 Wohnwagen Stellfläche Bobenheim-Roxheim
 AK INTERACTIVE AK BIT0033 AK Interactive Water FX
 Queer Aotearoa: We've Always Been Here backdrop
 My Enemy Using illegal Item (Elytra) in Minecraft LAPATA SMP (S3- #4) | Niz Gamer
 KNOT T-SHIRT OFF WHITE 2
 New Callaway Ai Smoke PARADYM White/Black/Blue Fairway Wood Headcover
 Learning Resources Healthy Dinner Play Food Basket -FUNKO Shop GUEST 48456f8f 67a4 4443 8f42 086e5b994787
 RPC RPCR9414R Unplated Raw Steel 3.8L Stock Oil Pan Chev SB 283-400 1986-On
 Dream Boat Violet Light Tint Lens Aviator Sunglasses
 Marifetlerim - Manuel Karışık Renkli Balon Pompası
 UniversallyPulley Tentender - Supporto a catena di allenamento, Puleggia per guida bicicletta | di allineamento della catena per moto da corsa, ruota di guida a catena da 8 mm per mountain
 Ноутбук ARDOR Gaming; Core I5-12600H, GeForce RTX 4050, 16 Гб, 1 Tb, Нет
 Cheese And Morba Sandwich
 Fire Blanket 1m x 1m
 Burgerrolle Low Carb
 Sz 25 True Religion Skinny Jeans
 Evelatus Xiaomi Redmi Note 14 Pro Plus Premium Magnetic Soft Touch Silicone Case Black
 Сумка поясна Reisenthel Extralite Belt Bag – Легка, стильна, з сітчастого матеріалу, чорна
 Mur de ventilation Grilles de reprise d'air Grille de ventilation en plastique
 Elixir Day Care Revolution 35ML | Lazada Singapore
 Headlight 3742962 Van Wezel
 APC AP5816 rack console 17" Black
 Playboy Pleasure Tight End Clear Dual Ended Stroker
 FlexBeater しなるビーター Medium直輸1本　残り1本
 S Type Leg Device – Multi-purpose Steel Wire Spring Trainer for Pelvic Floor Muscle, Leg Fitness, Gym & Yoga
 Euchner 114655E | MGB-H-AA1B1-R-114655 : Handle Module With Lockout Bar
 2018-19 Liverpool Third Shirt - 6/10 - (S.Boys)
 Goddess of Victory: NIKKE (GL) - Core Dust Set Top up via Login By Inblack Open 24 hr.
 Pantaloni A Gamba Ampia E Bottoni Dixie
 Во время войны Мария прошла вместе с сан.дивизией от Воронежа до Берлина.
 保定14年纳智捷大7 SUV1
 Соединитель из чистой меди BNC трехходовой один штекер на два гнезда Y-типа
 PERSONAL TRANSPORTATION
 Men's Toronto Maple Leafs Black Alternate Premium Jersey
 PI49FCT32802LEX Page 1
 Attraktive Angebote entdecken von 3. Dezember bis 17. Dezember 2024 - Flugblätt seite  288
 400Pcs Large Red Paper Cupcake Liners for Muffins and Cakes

○ ○ ○ ○ ○

__THE PROBLEM__
Within the entries above, find each line where "Premium" appears; copy every one.

__OUTPUT FOR THIS TASK__
 Evelatus Xiaomi Redmi Note 14 Pro Plus Premium Magnetic Soft Touch Silicone Case Black
 Men's Toronto Maple Leafs Black Alternate Premium Jersey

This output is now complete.